Returns true iff the interval is empty

Returns:

• (Boolean)

# File 'lib/interval.rb', line 152

def empty?; @low > @upp; end

#ind(x) ⇒ Object

Indicator function. Returns true if the point x belongs to self and false else.

# File 'lib/interval.rb', line 182

def ind(x)
  return false if empty?
  return false if x > @upp
  return false if x < @low
  true
end

#inf ⇒ Object

Returns the lower boundary if self is not empty and nil else.

# File 'lib/interval.rb', line 156

def inf
  return nil if empty?
  @low
end

#met_ind(x) ⇒ Object

Metrical indicator function. Returns the distance of x from the set self if x is outside of self. If it is inside, the return value is minus the distance to the complement of self (which is not an interval but a well-defined set).

# File 'lib/interval.rb', line 193

def met_ind(x)
  return nil if empty?
  y = R.c x
  dc = (y - center).abs
  dc - size * R.i2
end

#put(p) ⇒ Object

Returns a real number, which is self’s lower end for p == 0.0, self’s center for p == 0.5, and self’s upper end for p == 1.0 .

# File 'lib/interval.rb', line 202

def put(p)
  inf + size * p
end

#size ⇒ Object

Returns the length of the interval, 0 for the empty one

# File 'lib/interval.rb', line 175

def size
  s = @upp - @low
  s >= R.c0 ? s : R.c0
end

#sup ⇒ Object

Returns the upper boundary if self is not empty and nil else.

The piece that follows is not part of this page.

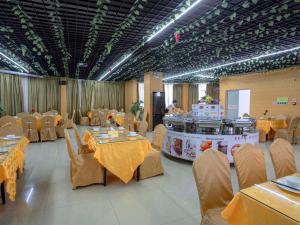 a banquet hall with tables and chairs and a buffet at Vienna Hotel Huizhou Chenjiang Avenue in Huizhou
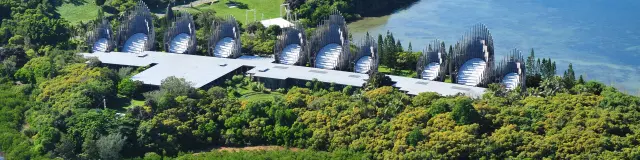 Aerial view of the Tjibaou Cultural Centre in Nouméa, set between mangroves, tropical vegetation and the lagoon.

# File 'lib/interval.rb', line 163

def sup
  return nil if empty?
  @upp
end

#to_array(a) ⇒ Object

Returns an ordered equidistant array of n numbers, where the first one is @low and the last one is @upp. The positive integer n is made from the argument a in a way which depends on whether this argument is integer or not. In the first case it is taken as n and in the second case, the argment is taken as a proposal for the lattice spacing. The actual lattice spacing will be chosen as a fraction of size.

# File 'lib/interval.rb', line 126

def to_array(a)
  return nil if empty?
  if a.integer? # then we interpret the argument as an intended number
    # of lattice points
    n = a
  else # then we interprete the argument as an intended lattice spacing
    d = a.abs
    fail "can't build a lattice with spacing 0" if d.zero?
    n = (size/d).round + 1
  end
  fail "number of lattice points must be larger than 1" if n < 2
  res = Array.new
  res << @low
  if n > 2
    na = n - 2
    d = size / (n-1)
    x = @low
    for i in 1..na
      x += d
      res << x
    end
  end
  res << @upp
end

#to_s ⇒ Object

# File 'lib/interval.rb', line 232

def to_s
  "Iv (" + @low.to_s + "," + @upp.to_s + ")"
end

#|(anIv) ⇒ Object

minimum closed interval that contains the union join or l.u.b. (lowest upper bound) in lattice terminology

# File 'lib/interval.rb', line 208

def |(anIv)
  return anIv if empty?
  return self if anIv.empty?
  Iv.from_array [@low, @upp, anIv.low, anIv.upp]
end